I’ve been paying attention to the news lately, perhaps because I have an intense wish not to do my homework. Instead, I’m messing around with Google Reader… which is both an incredibly lazy and an incredibly interesting thing to do. And so, as a result of intensive time-wasting, I give you: things that caught my eye this morning.
First off: on my favorite page CommonDreams.org, an article about the middle child of the Middle East. No, it’s not Iran or Iraq, it’s that one that no one pays much attention to anymore… Afghanistan. Originally a Reuters article, it quotes Afghani president Hamid Karzai as saying that the Afghani people “can no longer accept civilian casualties. It is becoming a heavy burden… It has become too hard for us.” The article continues:
“Karzai said he had repeatedly told U.S. and NATO commanders to coordinate their anti-Taliban raids with his government, stop searching civilian houses and exercise caution to avoid civilian deaths. ‘Unfortunately, that cooperation and coordination as we tried it has not given us the result of what we want,’ Karzai said, adding that the Afghan people’s tolerance was being tested. ‘That is something that must be changed, must be corrected or the consequences will be bad for all of us.'”
Now, this might be just me. But it does sound a lot like Karzai is trying hard not to offend anyone. I can imagine how I’d feel if foreigners, in their attempt to stamp terrorism out of my country, refused to cooperate with my police in doing so. Especially if this resulted in civilian deaths. Does anyone else see a president balancing between the anger of his people and the poised might of an imperial power?
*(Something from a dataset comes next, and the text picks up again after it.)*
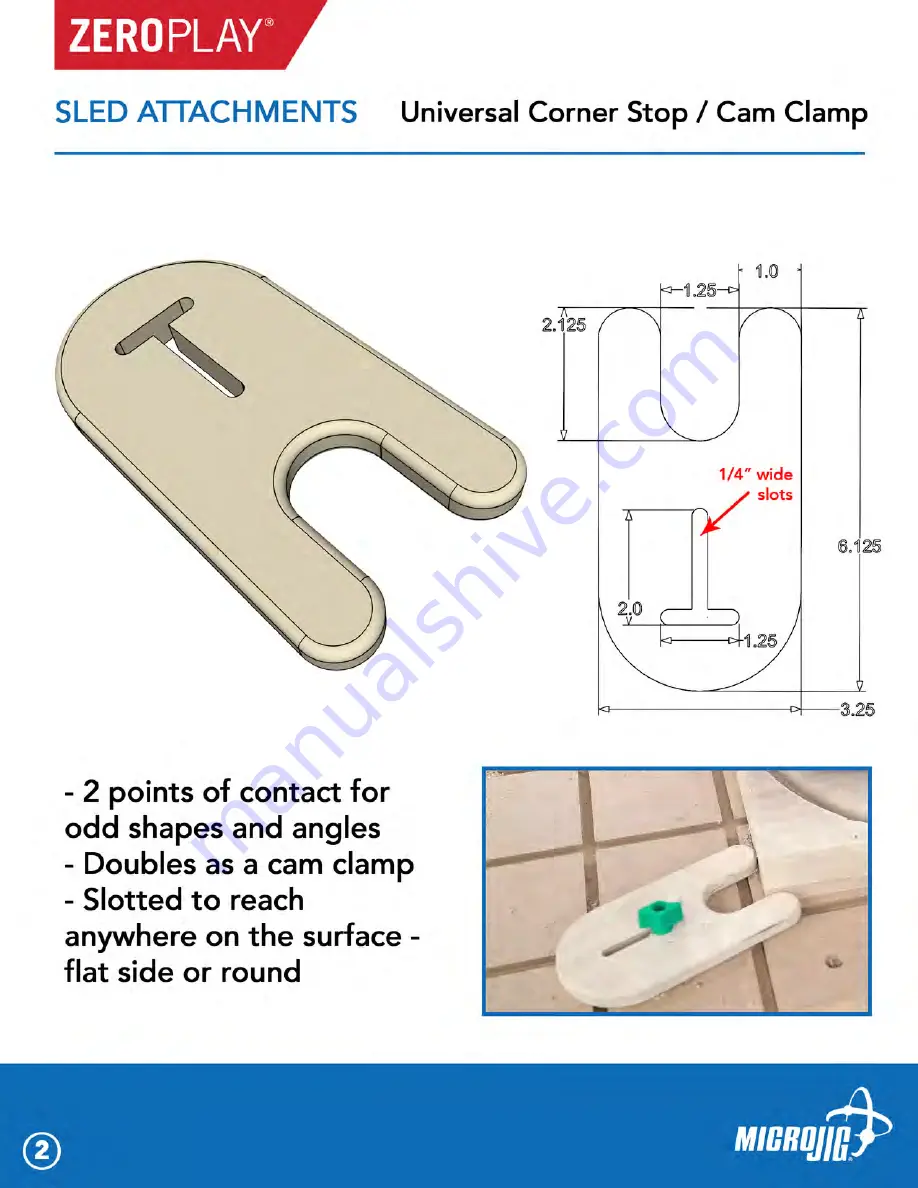 microjig ZEROPLAY Скачать руководство пользователя страница 19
Next: In the Middle Eastern country we do pay attention to: Religious freedom is on the decline in Iraq (CNN)! The fact that it’s just being put on the list now says something about the destabilizing effect our presence has had there. We went in there for freedom and democracy and all that stuff, but whoops! Looks like we messed up! Sorry, guys… Better luck next time! The panel on Iraq’s (lack of) religious freedom has this to say, according to CNN:
“The Iraqi government has engaged in human rights violations through its state security forces, including arbitrary arrest, prolonged detention without due process, extrajudicial executions and systematic torture.”
Hmm. Not like some of that doesn’t sound familiar. AT ALL. And it’s a slippery, slippery slope. Let’s work on those extrajudicial executions, America. Gotta love those euphenisms.
I’m not sure what to think of this next news item. Chávez has been being socialist again… privatizing oil companies, withdrawing membership in world trade organizations and such. He spends so much time being angry at the United States that it’s tough to know whether I’m with him or not. On the one hand, I agree with some of his ideas… the United States does not play well with others, and that’s going to be a problem in the future. As it is now, come to think of it. But as I’m not a socialist, I don’t necessarily approve of the way he deals with things. And he’s so dramatic. All his Bush-denouncing sometimes gives him the flavor of a world leader who enjoys throwing the odd fit. So Hugo Chávez is a well of ambiguity for me.
And oh, GW. You know that whole four-years-ago “Mission Accomplished” stuff? Um… yeah. Egg on your face. And now everyone’s slamming you for rejecting the bill on the exact day of our supposed victory, four years ago. Poor Bush. According to Hillary Clinton’s blog post that day:
Never before in our history has a President said ‘mission accomplished’ when the mission had barely begun. Never before has a President landed on the deck of an aircraft carrier to proclaim the end of major combat operations to a war that rages on four years later. Never before has a President pulled a political stunt when so many American lives were and remain in harm’s way.
Democrats definitely planned this drama, but it was an effective and a poetic way to make a point. Back up your words, Mr. Bush. Sign the bill.
And for something more lighthearted, or at least less depressing: According to this International Herald Tribune article, the average United States college student is more likely to be interested in religion. According to IHT:
A survey of the spiritual lives of college students, the first of its kind, showed in 2004 that more than two-thirds of 112,000 freshmen surveyed said they prayed and that almost 80 percent believed in God.
The article also stressed a certain openness in the faith process of us young’uns, especially a willingness to go to each other’s services. Let’s call it a faith search rather than a faith journey; we don’t want to be told what we can believe or that there is one way to believe. For better or for worse (and in this girl’s opinion, for better) in this consumerized, compare-products society, religion is being put under the same scrutiny as peanut butter. And weird as it may sound, I think it’s a good thing.
And now I’ll get off my soapbox and work on some (semi-)serious journalism.